● Exercise description: Quote exactly and only this range of lines in the data below: the line that holds "White double-door closet" to the line that holds "Michael Ennis of", both included.

● Given entries:
*** Block opens ***
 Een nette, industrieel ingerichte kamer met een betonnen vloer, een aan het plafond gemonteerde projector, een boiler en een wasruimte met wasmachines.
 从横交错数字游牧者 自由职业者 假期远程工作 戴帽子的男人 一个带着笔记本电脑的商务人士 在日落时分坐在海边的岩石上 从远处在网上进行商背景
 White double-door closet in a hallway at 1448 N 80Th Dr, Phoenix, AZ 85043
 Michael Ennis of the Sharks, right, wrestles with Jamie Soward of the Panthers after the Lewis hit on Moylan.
*** Block closes ***
*** Block opens ***
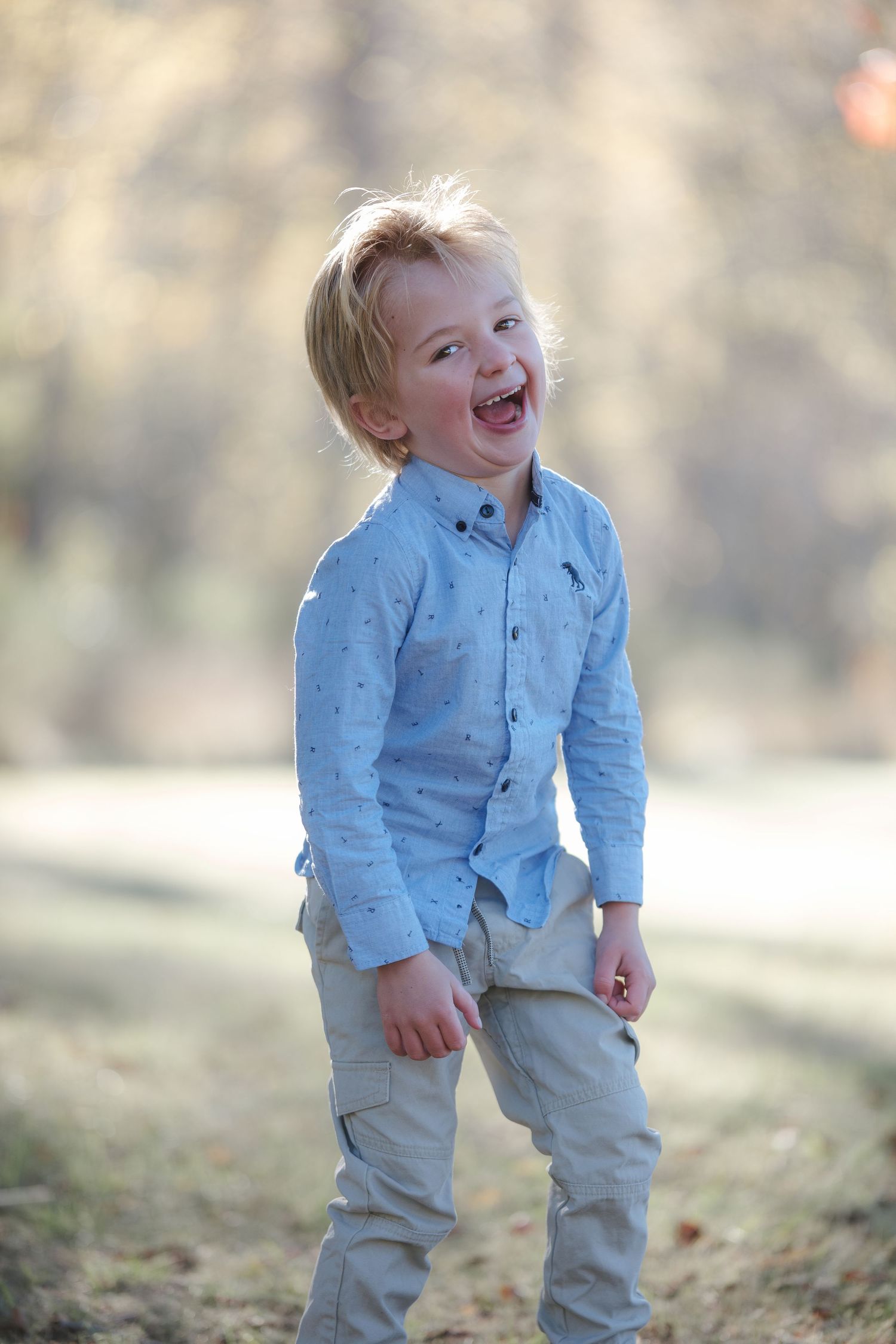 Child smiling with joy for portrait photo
*** Block closes ***
*** Block opens ***
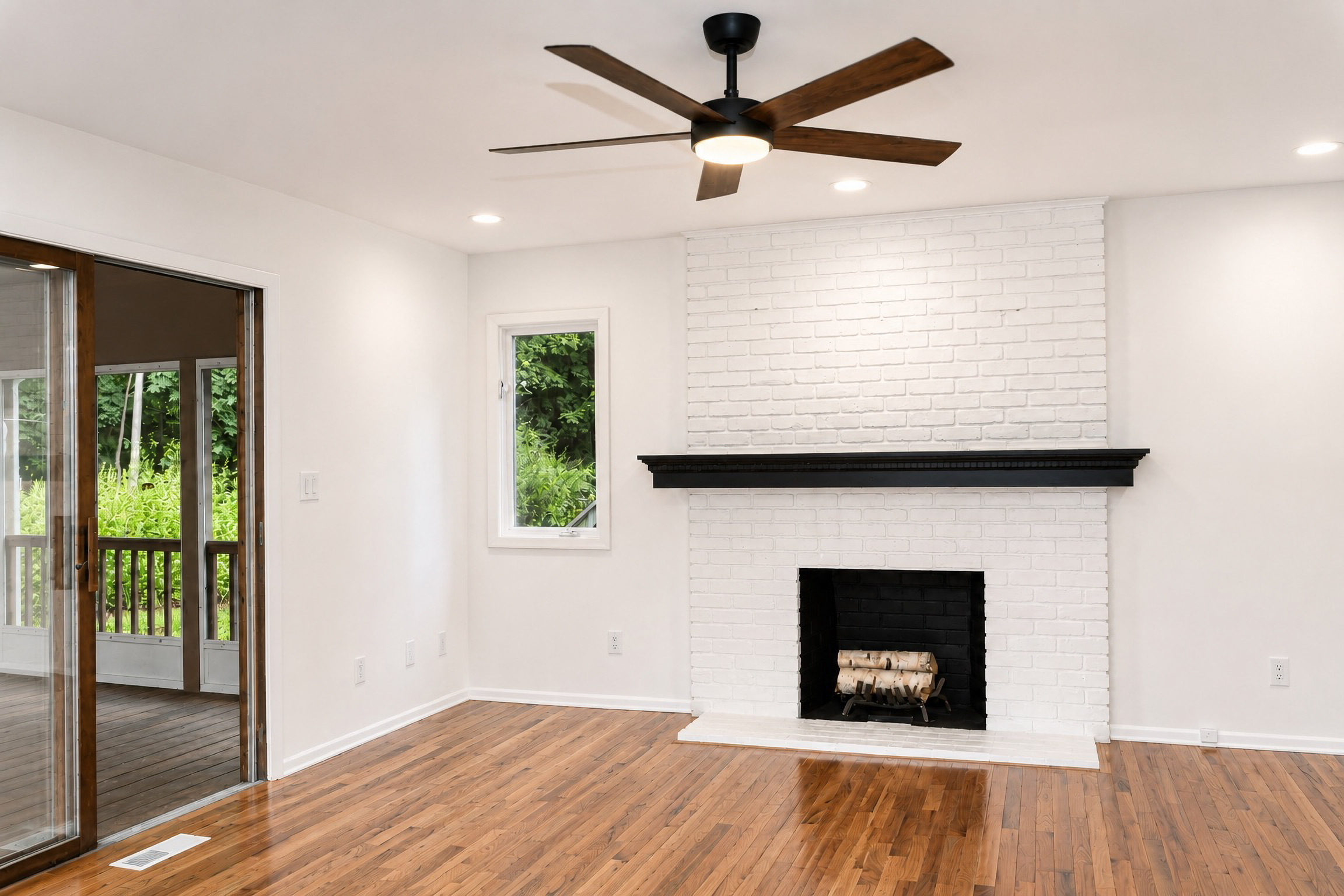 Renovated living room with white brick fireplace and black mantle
*** Block closes ***
● Exercise response:
 White double-door closet in a hallway at 1448 N 80Th Dr, Phoenix, AZ 85043
 Michael Ennis of the Sharks, right, wrestles with Jamie Soward of the Panthers after the Lewis hit on Moylan.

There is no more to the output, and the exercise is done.